- WORK INSTRUCTION -
Among the entries below, please repeat exactly and only the lines from the line containing "I'd also recommend" to the line containing "After a moment, the", both lines included.

- Stored data entries -
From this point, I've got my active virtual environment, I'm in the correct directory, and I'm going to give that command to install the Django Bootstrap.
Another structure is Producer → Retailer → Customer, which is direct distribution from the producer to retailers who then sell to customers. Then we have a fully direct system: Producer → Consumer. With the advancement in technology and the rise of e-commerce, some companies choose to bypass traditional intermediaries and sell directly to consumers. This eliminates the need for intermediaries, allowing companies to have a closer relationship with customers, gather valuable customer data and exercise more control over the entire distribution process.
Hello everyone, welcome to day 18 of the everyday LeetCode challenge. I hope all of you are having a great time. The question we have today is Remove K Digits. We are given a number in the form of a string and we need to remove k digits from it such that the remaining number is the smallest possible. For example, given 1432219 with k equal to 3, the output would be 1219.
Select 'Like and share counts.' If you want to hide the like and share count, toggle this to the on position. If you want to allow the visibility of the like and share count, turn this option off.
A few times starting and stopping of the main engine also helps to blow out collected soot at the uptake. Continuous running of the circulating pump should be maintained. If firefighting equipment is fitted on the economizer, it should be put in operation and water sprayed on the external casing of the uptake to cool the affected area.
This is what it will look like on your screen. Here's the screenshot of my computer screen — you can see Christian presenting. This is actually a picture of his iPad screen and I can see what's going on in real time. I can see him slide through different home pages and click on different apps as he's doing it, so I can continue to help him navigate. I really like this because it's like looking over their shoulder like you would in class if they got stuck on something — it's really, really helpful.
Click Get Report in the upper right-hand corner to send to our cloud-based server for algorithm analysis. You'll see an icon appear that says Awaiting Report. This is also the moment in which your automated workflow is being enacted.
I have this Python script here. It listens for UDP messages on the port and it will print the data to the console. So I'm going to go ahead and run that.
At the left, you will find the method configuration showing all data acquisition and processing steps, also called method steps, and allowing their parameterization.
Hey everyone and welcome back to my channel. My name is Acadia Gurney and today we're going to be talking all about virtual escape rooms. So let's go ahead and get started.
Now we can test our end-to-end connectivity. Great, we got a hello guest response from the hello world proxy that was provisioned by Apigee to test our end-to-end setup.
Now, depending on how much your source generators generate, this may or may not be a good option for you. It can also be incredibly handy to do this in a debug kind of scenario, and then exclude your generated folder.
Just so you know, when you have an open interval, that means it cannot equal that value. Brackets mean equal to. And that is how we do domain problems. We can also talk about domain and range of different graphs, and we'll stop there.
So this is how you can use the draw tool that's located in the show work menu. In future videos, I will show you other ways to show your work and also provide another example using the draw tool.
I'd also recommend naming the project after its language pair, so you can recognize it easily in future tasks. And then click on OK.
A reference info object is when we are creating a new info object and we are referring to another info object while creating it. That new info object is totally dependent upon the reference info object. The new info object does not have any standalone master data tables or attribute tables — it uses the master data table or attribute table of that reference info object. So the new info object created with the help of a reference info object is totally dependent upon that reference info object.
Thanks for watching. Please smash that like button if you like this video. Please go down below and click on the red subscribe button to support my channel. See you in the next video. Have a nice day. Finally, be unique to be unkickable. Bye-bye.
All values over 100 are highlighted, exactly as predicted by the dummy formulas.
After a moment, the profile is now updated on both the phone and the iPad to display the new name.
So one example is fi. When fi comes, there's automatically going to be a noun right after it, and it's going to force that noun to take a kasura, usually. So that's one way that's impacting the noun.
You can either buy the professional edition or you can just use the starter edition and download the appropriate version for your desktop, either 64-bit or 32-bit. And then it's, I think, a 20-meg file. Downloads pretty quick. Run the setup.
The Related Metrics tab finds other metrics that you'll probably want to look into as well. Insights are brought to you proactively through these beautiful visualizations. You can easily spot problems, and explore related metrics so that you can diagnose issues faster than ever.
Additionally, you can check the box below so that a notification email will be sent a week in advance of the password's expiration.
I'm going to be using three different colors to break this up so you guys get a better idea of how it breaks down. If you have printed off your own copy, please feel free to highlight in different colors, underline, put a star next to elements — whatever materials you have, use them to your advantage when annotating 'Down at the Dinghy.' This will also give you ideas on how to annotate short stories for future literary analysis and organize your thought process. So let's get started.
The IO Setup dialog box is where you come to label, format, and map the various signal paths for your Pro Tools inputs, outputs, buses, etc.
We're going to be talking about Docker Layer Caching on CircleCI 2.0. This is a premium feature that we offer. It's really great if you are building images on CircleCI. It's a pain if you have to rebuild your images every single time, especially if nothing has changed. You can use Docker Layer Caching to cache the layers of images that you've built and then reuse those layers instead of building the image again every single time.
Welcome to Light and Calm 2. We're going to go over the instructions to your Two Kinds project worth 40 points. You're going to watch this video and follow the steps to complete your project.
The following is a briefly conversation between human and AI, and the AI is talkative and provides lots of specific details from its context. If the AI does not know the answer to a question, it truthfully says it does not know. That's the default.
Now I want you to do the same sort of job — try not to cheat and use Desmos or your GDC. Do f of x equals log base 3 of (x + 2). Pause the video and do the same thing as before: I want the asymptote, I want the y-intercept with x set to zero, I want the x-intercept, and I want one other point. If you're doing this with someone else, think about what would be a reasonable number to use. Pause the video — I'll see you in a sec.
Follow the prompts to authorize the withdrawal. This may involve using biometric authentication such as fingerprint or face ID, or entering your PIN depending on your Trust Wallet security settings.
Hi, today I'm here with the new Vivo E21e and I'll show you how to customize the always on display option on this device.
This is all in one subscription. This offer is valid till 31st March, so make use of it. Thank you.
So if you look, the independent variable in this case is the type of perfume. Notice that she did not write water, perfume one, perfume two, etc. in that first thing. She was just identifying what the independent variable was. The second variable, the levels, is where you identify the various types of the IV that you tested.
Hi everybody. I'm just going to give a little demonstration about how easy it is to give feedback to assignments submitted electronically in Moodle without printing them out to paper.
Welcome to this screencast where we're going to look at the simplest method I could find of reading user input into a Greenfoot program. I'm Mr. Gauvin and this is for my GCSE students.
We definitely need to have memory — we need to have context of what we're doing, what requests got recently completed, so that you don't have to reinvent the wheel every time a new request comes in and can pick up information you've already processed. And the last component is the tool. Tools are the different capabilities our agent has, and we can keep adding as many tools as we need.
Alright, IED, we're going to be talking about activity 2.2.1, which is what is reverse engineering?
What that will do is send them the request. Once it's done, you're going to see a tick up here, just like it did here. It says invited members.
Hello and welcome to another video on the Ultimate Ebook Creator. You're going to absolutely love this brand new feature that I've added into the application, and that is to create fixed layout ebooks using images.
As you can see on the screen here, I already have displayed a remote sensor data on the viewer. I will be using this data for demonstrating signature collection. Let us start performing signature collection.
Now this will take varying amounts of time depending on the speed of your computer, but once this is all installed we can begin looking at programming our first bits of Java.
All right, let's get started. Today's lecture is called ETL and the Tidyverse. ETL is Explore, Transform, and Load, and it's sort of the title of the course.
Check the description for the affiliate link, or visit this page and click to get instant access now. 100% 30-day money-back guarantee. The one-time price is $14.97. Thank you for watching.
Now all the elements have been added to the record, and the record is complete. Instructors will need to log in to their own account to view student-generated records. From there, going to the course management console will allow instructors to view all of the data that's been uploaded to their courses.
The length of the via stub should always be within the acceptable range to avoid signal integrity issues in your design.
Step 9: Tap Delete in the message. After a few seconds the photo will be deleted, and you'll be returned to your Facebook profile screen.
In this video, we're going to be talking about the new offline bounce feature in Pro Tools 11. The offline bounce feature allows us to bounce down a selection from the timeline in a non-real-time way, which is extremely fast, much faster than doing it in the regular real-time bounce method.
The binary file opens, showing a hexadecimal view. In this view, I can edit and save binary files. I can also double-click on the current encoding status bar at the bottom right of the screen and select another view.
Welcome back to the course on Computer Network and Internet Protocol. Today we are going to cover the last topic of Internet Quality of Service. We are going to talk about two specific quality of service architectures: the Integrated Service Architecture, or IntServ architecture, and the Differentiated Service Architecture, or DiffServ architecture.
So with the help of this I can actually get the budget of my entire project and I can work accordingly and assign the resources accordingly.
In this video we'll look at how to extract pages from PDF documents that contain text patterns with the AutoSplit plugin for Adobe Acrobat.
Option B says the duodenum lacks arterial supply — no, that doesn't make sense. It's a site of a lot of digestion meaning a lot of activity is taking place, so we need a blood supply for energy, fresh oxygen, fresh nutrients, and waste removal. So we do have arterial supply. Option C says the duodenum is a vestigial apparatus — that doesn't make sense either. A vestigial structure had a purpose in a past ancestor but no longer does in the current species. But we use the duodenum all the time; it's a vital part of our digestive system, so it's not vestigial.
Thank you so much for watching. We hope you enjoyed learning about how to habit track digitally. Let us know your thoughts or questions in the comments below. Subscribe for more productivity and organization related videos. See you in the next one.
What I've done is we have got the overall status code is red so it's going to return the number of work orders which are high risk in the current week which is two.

- SOLUTION TO THIS EXERCISE -
I'd also recommend naming the project after its language pair, so you can recognize it easily in future tasks. And then click on OK.
A reference info object is when we are creating a new info object and we are referring to another info object while creating it. That new info object is totally dependent upon the reference info object. The new info object does not have any standalone master data tables or attribute tables — it uses the master data table or attribute table of that reference info object. So the new info object created with the help of a reference info object is totally dependent upon that reference info object.
Thanks for watching. Please smash that like button if you like this video. Please go down below and click on the red subscribe button to support my channel. See you in the next video. Have a nice day. Finally, be unique to be unkickable. Bye-bye.
All values over 100 are highlighted, exactly as predicted by the dummy formulas.
After a moment, the profile is now updated on both the phone and the iPad to display the new name.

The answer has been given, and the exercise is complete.